Understanding how much of your Bike Shop’s budget to allocate towards marketing can be tricky. On one hand, anytime you’re able to invest in marketing and have a positive impact on net income, you should probably do so; on the other hand, not all marketing investments are good ones and most have a point of diminishing returns. Investments in marketing aren’t just about attracting new customers: the right kind of marketing drives business from existing customers in ways that are often significantly more cost effective. Of course, the best marketing plan in the world won’t help your business if retailing fundamentals like strong merchandising and good customer service aren’t there to support it.

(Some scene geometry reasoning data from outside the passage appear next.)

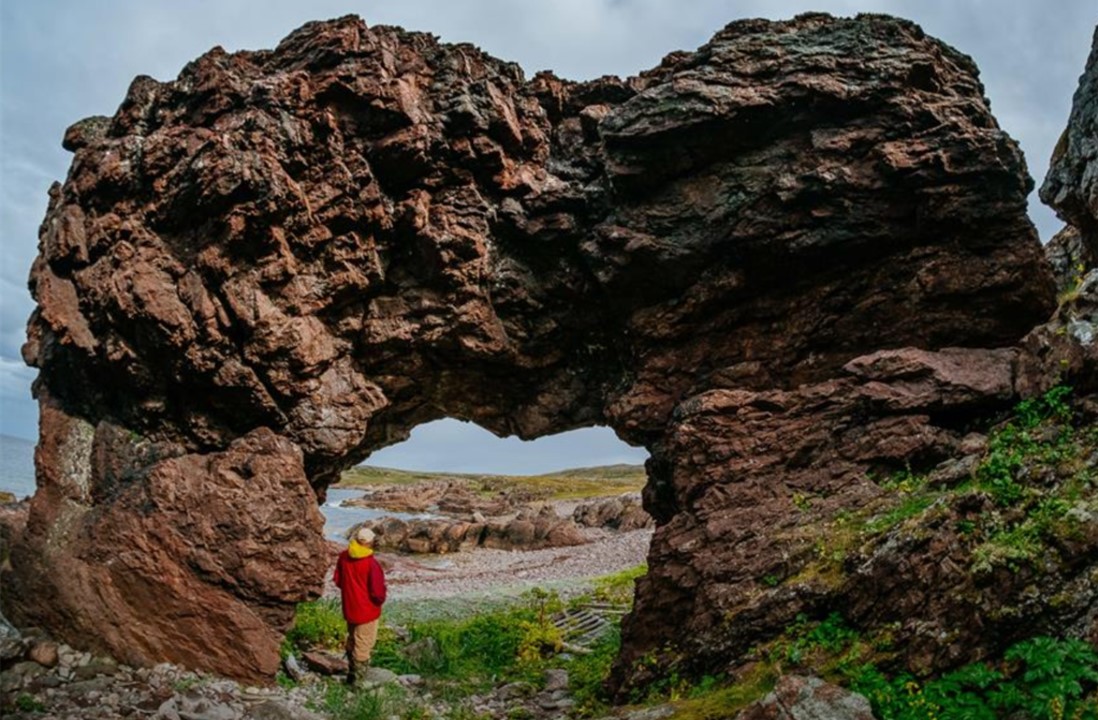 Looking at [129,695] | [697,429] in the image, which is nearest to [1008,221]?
[697,429]

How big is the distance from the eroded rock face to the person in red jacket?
3.63 feet

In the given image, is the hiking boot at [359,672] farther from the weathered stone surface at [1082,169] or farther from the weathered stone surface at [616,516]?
the weathered stone surface at [616,516]

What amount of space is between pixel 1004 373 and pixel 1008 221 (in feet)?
11.6

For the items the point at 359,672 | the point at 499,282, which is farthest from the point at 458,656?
the point at 499,282

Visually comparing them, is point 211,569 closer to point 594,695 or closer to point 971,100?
point 594,695

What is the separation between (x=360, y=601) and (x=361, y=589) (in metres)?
0.24

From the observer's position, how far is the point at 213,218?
16.5 meters

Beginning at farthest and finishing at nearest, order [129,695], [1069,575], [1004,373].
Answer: [1004,373], [129,695], [1069,575]

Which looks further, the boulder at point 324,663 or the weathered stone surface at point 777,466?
the boulder at point 324,663

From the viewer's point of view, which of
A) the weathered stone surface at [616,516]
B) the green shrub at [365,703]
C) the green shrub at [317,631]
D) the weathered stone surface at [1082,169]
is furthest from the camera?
the weathered stone surface at [616,516]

“A man who stops advertising to save money is like a man who stops a clock to save time.”
– Henry Ford –
The NBDA reports that on average, bike shops in the US spend 3% of their annual revenue on Advertising and Promotion. High volume, low margin national chains like Target spend 2% and slightly higher margin retailers like Macy's report marketing expenses at 5% of gross sales. If your store is in a position in which lasting success depends on increased sales volume, you may want to work on getting really good at marketing and once you do, consider spending a little more than the national average. While it worked out pretty well for Kevin Costner in Field of Dreams, an "If you build it they will come" mentality to growing a bike shop won’t cut it in a competitive marketplace. Given the reach of the world wide web, not even the smallest of of small-town shops can survive without a good marketing strategy.
Looking at ROI from marketing in terms of short term-and long-term payback can help put your investment into perspective. For example, expect an immediate marketing payback in the short-term by running ads and creating collateral for a specific sale or event. Expect long-term returns from building your brand by creating a logo, developing a website, and tying all that together with a great in store presentation. Of course, both ROI strategies are linked because having a strong brand may allow you to get more return out of some of your short-term marketing investments.

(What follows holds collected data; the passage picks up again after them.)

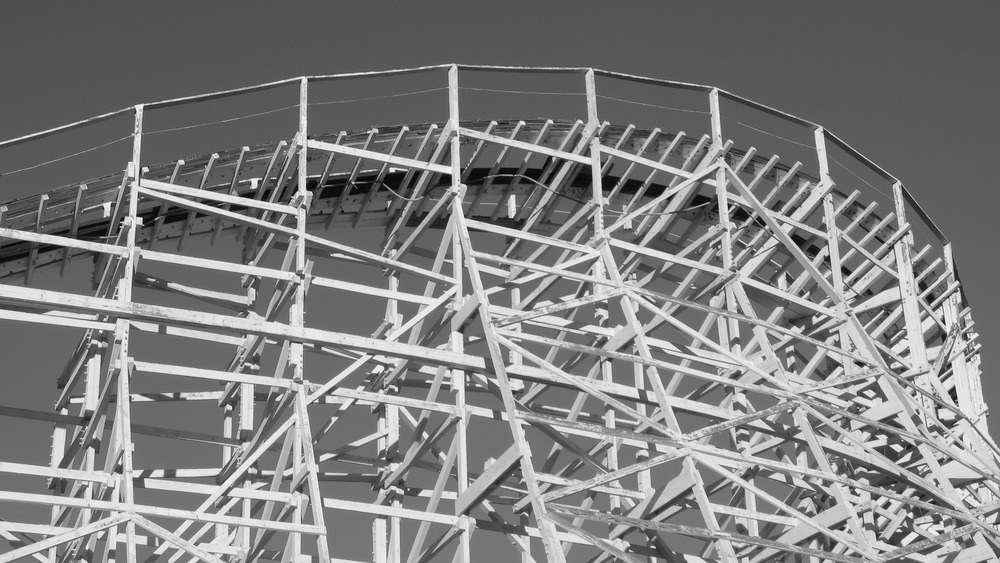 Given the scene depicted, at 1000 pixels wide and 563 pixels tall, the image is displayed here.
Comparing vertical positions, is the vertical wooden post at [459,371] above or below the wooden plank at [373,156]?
below

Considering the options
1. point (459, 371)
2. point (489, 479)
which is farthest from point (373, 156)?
point (489, 479)

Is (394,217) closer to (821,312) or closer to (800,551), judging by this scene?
(821,312)

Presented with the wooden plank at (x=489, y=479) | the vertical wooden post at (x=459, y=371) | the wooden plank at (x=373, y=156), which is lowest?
the wooden plank at (x=489, y=479)

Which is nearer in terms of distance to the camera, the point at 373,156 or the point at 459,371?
the point at 459,371

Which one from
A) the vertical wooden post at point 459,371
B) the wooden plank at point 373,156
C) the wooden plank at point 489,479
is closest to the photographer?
the wooden plank at point 489,479

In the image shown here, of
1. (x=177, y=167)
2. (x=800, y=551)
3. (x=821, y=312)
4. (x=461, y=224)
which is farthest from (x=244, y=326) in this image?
(x=821, y=312)

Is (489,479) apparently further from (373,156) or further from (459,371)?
(373,156)

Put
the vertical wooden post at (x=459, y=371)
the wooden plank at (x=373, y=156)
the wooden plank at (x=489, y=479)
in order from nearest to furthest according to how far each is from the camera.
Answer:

So how much should you invest in marketing? You can start with the 3% of gross sales benchmark from the NBDA (National Bicycle Dealers Association), but the answer is $0 if you can’t generate any ROI. Local retailers are in a position to understand their target market far better than any national chain ever could, so make this a competitive advantage by learning how your customers shop and what they're buying. Once you understand your audience, invest in marketing that resonates with them and that’s targeted so you aren’t paying for exposure to the wrong people. The days of a set-it-and-forget-it approach are gone; effective marketing requires on-the-fly adjustments and accurate measurements for your business. How much you invest in marketing depends on the store’s goals, its financial position, and perhaps most importantly, what the anticipated ROI might be. One thing is certain: if you have marketing investments that profitably drive sales, cutting back on those expenditures will negatively impact your bottom line.